The inmates then somehow broke out of their housing units, forcing the company to bring in multiple government agencies to lock the place down and also forcing a partial lock-down of the local school district in Willacy County.
Boy, these illegals have a lot of gumption to crash our state and then complain about the prisons here, right, America? But the truth is not so simple. In reality, the illegal immigrants were not totally unwelcome, at least not by Management and Training Corp. and Willacy County.
MTC had been running its prison under a contract with Immigrations and Customs Enforcement, housing illegal immigrants in pre-detention, but in 2011 things went haywire. In a PBS report, a former health worker at the prison testified to "women harassed for sexual favors, guards taking detainees and beating them, running them down like they were animals," among other abuses. That year, ICE canceled its contract with the corporation, leaving MTC's 3,174 beds severely underused.
That is, they were underused briefly. Not long after, MTC and Willacy County arranged a contract with the Bureau of Prisons for a facility that would be an upgrade, of sorts: it would become a Criminal Alien Requirement prison, or CAR prison, for immigrants caught crossing the border illegally or convicted of felonies. There are 13 such prisons in the United States, five in Texas. "We know them to be the worst of the worst," says Cristina Parker, who covers immigration for the advocacy group Grassroots Leadership. "They don't meet the federal standards the way that even very bad federal prisons do."
Yeah, but look at all the money! Under its CAR prison contract, MTC got $532 million. And Willacy County was promised to get nearly $3 million each year, on the condition that the prison is kept 90 percent full at all times.
Sure, prisoners' rights advocates say that such an arrangement may give an unhealthy incentive to lock up as many people as possible. But Willacy County officials were very excited to bring in all of those immigrants in 2012. "It's a much better deal for the county," Willacy County Judge John F. Gonzales Jr. told the local newspaper at the time. "It will be advantageous to keep it as full as possible," he added. "It has never been more than half full."

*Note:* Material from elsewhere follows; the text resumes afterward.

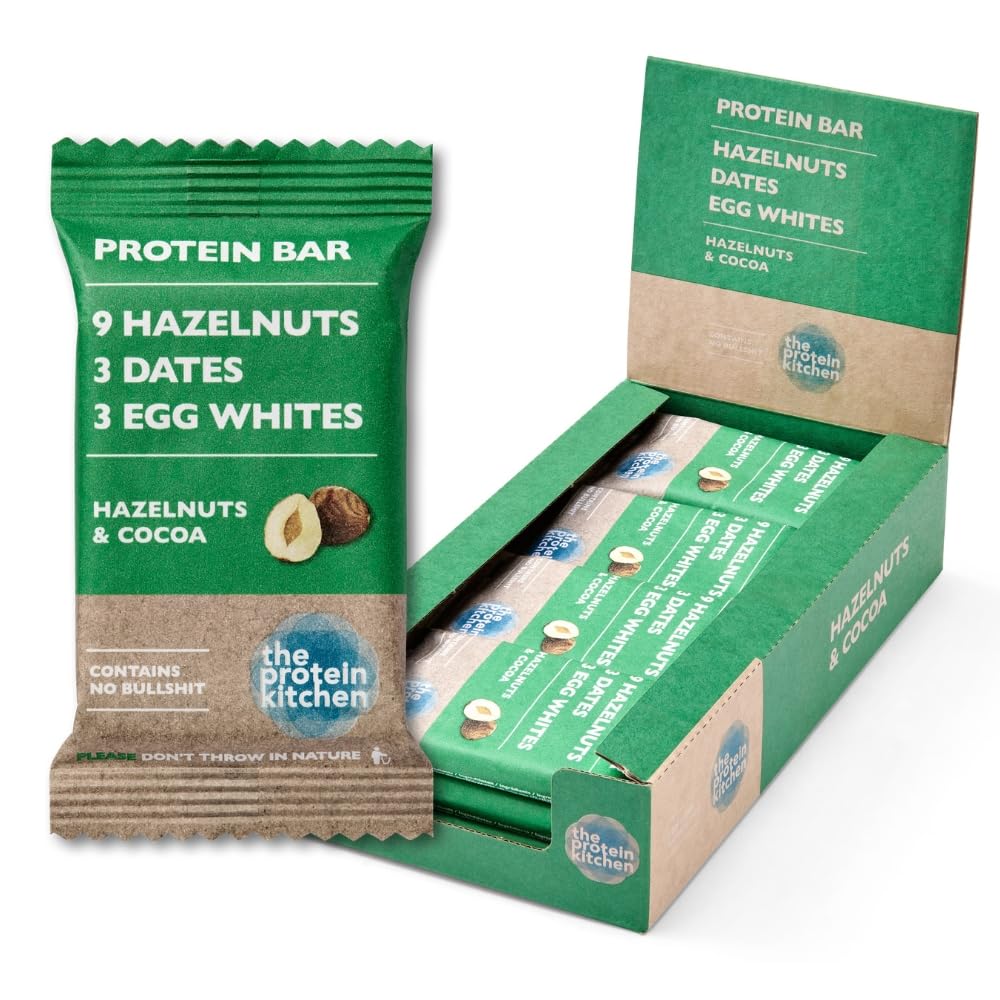 The Protein Kitchen 100% Natural Protein Bars (12 x 55g) - No Added Sugar, Nutritional Protein Bars - Hazelnuts & Cocoa - Egg Whites from Free Range Chickens — image 1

MTC did such a good job filling the prison that when the American Civil Liberties Union investigated the facility last year they found that the prison had packed 200 prisoners into each of its 200-foot-long Kevlar tents, creating a very uncomfortable "tent city" of sorts:
They are reportedly housed so tightly that when they lie in their bunks, their feet can touch the bunk next to them.Prisoners told us the overcrowding and lack of constructive activity drives many of them mad. Fights frequently break out. One prisoner told us it was like 'walking on minefields.'
Good work, everyone. With equally terrible conditions documented at Texas' other four CAR prisons and immigrants continuing to cross the South Texas border in droves, we can only anticipate more prison riots happening in our state.